Many commentators have pointed to Acts chapter 6 where the church in Jerusalem appointed seven men to sort out a practical problem in the church. There were many widows in the church who needed to be looked after. The church provided support for them which included a regular distribution of food. People were needed to organise that project and make sure it was done fairly. The apostles protested that they could not “give up preaching the word of God to serve (diakonein) tables…” (vs 2). They didn’t think it right for them to “deacon” in that way – not that it was beneath them, but that it would distract them from the work they had been called to do: preaching and prayer. So the church appointed seven spiritually-minded men to carry that responsibility. It seems likely that the first “deacons” were those men, appointed to serve the Jerusalem church by carrying out a particular practical task.
At any rate, that’s the model we’ve tried to bear in mind in this church. When the church here was formed, we included this clause in our constitution:
“Deacons shall be male or female members of the church, judged by the church to fulfil the qualifications of Scripture and appointed by the church to undertake its administration. The deacons shall under the direction of the elders be responsible to administer the finance of the church and the care of its property. Deacons shall be subject to reappointment after a period of 3 years.”
Three Things to Notice
1. Our constitution declares that deacons are chosen by the church. In Acts 6, the apostles “summoned the full number of the disciples” – ie all the church-members – and told them to pick out suitable men for the task in view. “And what they said pleased the whole gathering, and they chose Stephen… Philip, etc” (vss 2,5). The whole membership had to approve this choice.

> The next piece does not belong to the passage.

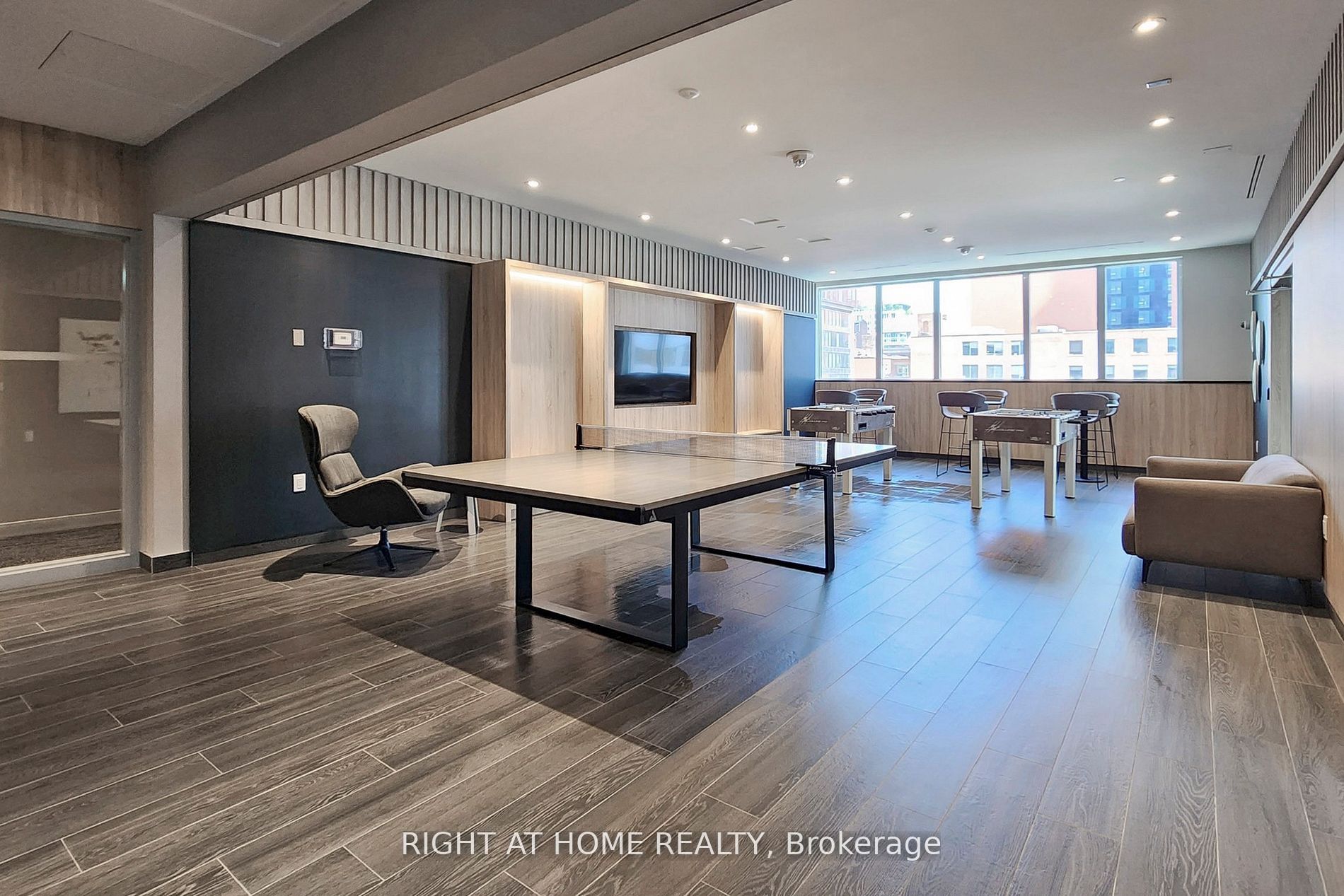 357 King St W, #1903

2. The deacons are appointed to serve the church under the direction of the elders. In Acts 6, the apostles “prayed and laid their hands on them (the new deacons)”. When the deacons made decisions about the food distribution, they were using an authority delegated to them by the apostles. They were not free agents – they were answerable to the spiritual leaders of the church.

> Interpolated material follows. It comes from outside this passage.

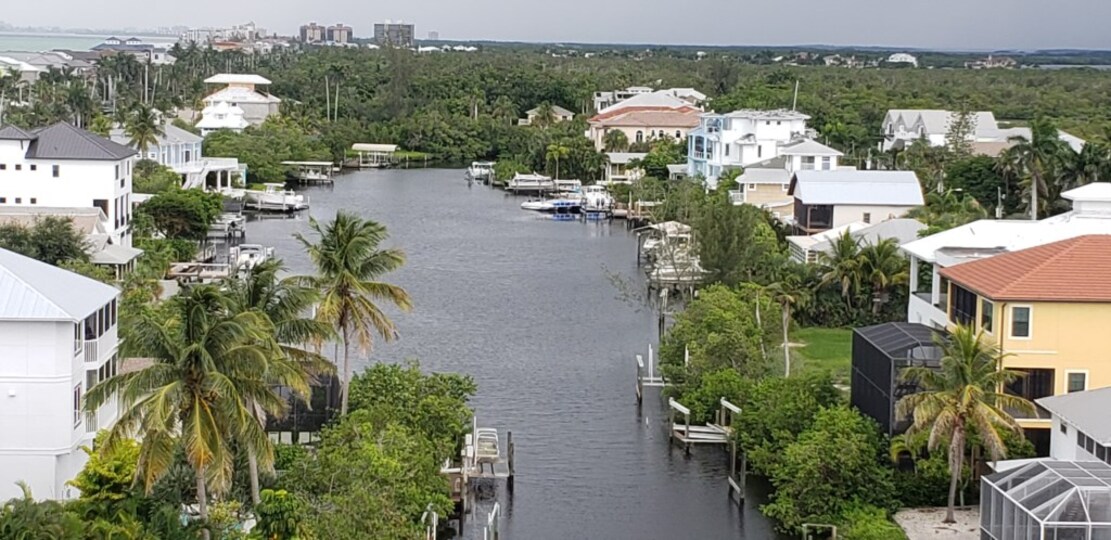 Exclusive Condo on Prestigious Resorts, Bonita Beach, Florida Condo 5958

3. The deacons are appointed to undertake the administration of the church – in other words to manage the practicalities of church life. Our constitution mentions particularly the finance of the church and the care of its property – but doesn’t limit the role of the deacons to those areas. We appoint deacons to take responsibility for whatever administrative tasks need to be done.

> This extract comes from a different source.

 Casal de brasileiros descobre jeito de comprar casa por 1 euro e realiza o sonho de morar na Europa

Again, we’re trying to follow the Acts 6 model. The church in Jerusalem drew a sharp line between administrative duties on the one side and spiritual leadership on the other. The apostles knew they had to “devote themselves to prayer and to the ministry of the word” (vs 4). Meanwhile the newly appointed servants were to take responsibility for looking after the food distribution. They were not appointed as “assistant apostles”, elders, preachers or counsellors. They had no more responsibility for the spiritual activities of the church than any other church members.
As time went by, it became clear that at least two of the men appointed had remarkable gifts in evangelism and preaching. Both Stephen and Philip went on to become outstanding spiritual workers, reaching out to unconverted people. But there is no hint that either man played any part in the spiritual leadership of the Jerusalem church. None of the seven, as deacons, had any authority in the spiritual affairs of the church.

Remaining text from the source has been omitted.